◆ **Information shown**
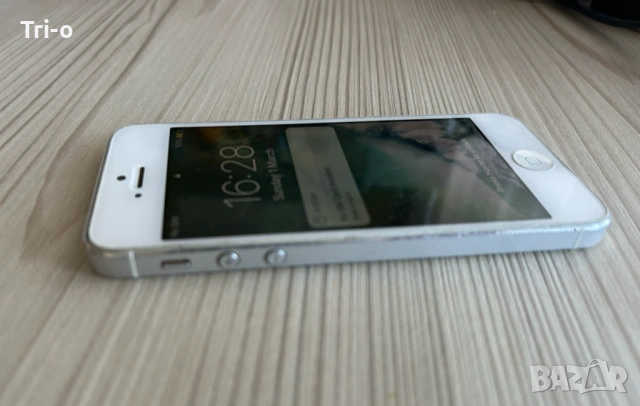 iPhone 5 за части, снимка 2 - Apple iPhone - 53667707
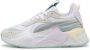 Puma RS-X Metallic sneakers wit zilver - Thumbnail 2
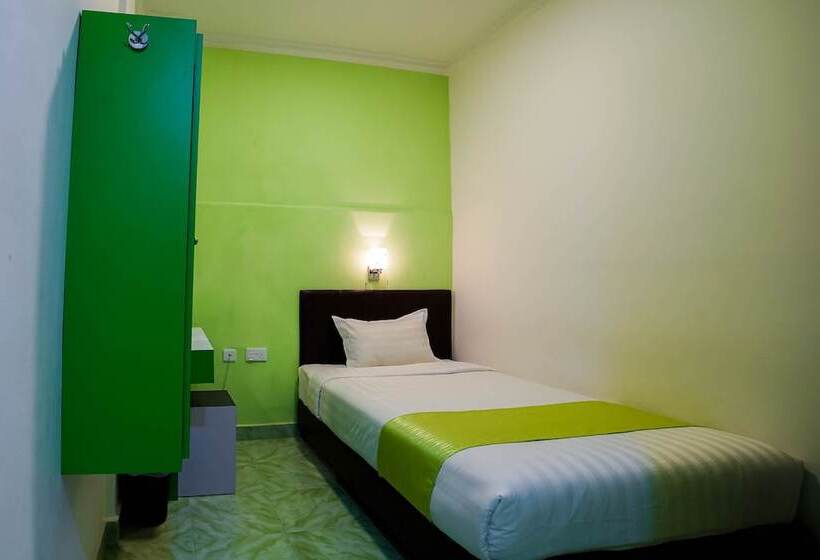 Номер Стандарт, Greenland Hotel Batam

◆ **Activity**
For this exercise, return the data above exactly and leave every picture out.

◆ **Response area**
 iPhone 5 за части, снимка 2 - Apple iPhone - 53667707
 Puma RS-X Metallic sneakers wit zilver - Thumbnail 2
 Номер Стандарт, Greenland Hotel Batam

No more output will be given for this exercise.